PAULO Tá ali ao fundo, ao pé da janela.
Encaminham-se para lá.
MIGUEL O cinzeiro...
PAULO Sim, fui eu que o desenhei.
MIGUEL Eu sei.
PAULO Sabes?
MIGUEL Sim, parti-to, no ano passado.
PAULO Pois foi.
MIGUEL Disto aposto que te lembravas...
PAULO (rindo) Tinha uma vaga ideia.
MIGUEL Estou a ver... Ficou impecável.
PAULO Ainda demorei uns dias.
MIGUEL Mas valeu a pena. E a cola, que tinha secado...
PAULO Eh, já nem me lembrava. Tava seca no bico, não era?
MIGUEL Sim, mas por dentro estava boa. E eu tentei enfiar-lhe o garfo no bico, mas aquilo rebentou e ficaste coberto de cola.
PAULO A sério que te lembras disso tudo? Bem, tens mesmo boa memória.
MIGUEL Não acredito que não te lembres. Estavas capaz de me bater.
PAULO Nunca.
Pausa.
MIGUEL Não o vejo.
PAULO Oh, quase nunca o vejo, também. Anda sempre ali pelo meio das algas e das outras tralhas todas. Sinceramente, não percebo por que raio um peixe precisa disto tudo. Não é que eles brinquem, não é?
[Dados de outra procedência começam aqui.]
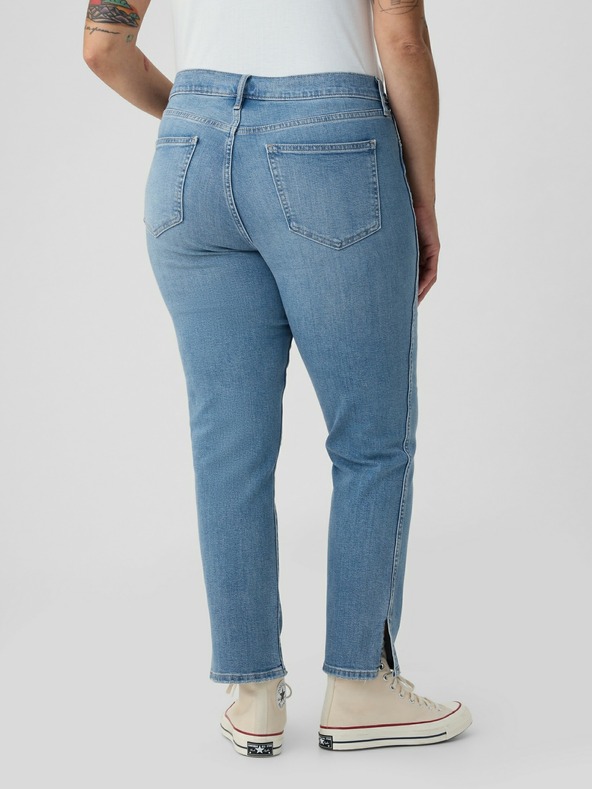 GAP Džínsy slim Mid Rise Split-Hem Vintage GAP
MIGUEL É para se sentirem mais felizes. Estava a falar do cinzeiro.
PAULO Do cinzeiro?
MIGUEL O defeito que tinha...
PAULO Tá aqui. Passa aqui o dedo.
MIGUEL Ah, sim. Mas não se vê.
PAULO É das cores. Olha, ali. Ah, já fugiu. Neno...
MIGUEL Ele não te vai ouvir...
PAULO Não custa tentar.
MIGUEL Daqui a pouco aparece outra vez...
PAULO Anda ali, nada de um lado para o outro, depois vai pra dentro daquela casotinha ali em baixo. Não me liga nenhuma. Já o tenho há uns quatro meses, podia ser menos arisco.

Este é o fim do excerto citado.